In order to protect yourself against infection with the cytomegalovirus in everyday life, it makes sense to comply with the normal hygiene guidelines. Careful hand washing with soap and warm water is important and effective, as detergents and soap can inactivate the cytomegalovirus.
When the immune system is weakened, there is an increased risk of CMV. It is advisable to strengthen one's immune system through a healthy lifestyle by paying attention to a healthy diet, sufficient vitamin intake and enough exercise in everyday life. There is currently no vaccine against the virus, so vaccination prophylaxis is not possible.

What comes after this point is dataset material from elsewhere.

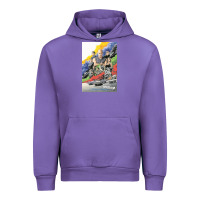 Tulip fast and furious 9 Urban Hoodie - artisFamous
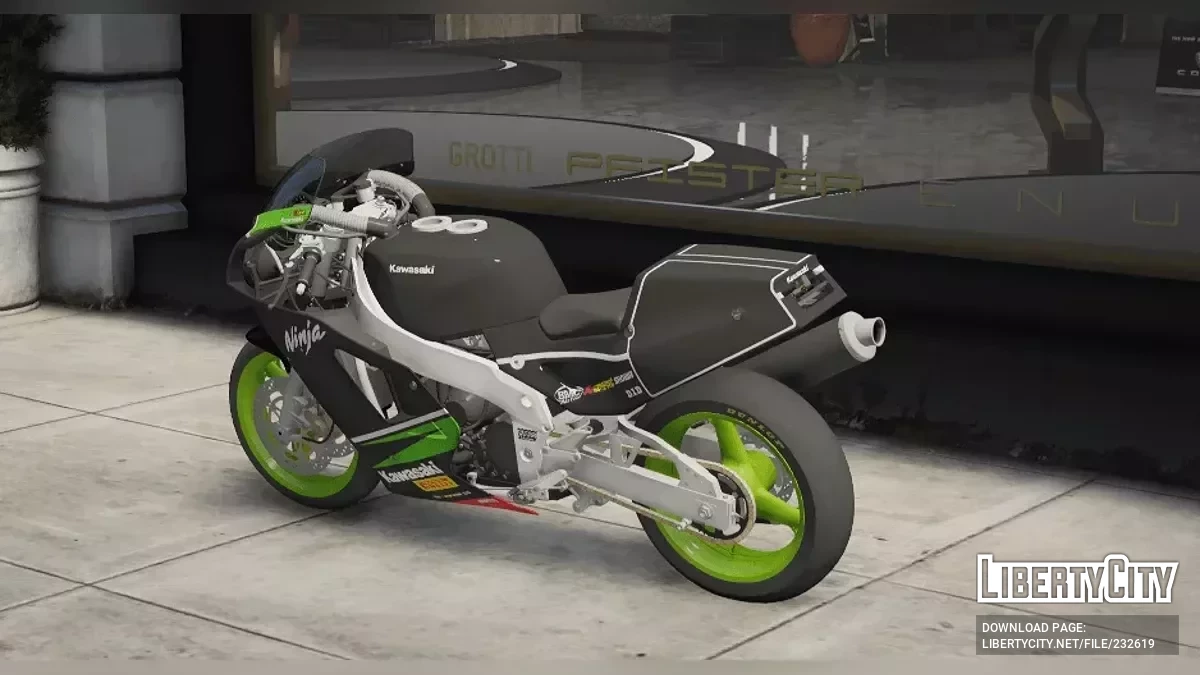Kawasaki ZX-R 750 1989 v1.0 / GTA 5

In some cases, if you have cytomegaly, it can be treated with antivirals. These drugs prevent the virus from multiplying. Most often, treatment is not required in healthy people and treating symptoms is sufficient. Antivirals and other special drugs are used in particular in immunocompromised people or during pregnancy.
Much more important, however, is the prevention of these risk groups and prophylaxis in women who want to have children who have not yet had contact with the cytomegalovirus. If possible, close contact with small children should be avoided in everyday life and the sharing of items such as dishes, cutlery, towels or bed linen. Here, too, particular attention must be paid to carefully carried out hand hygiene and hygiene in general.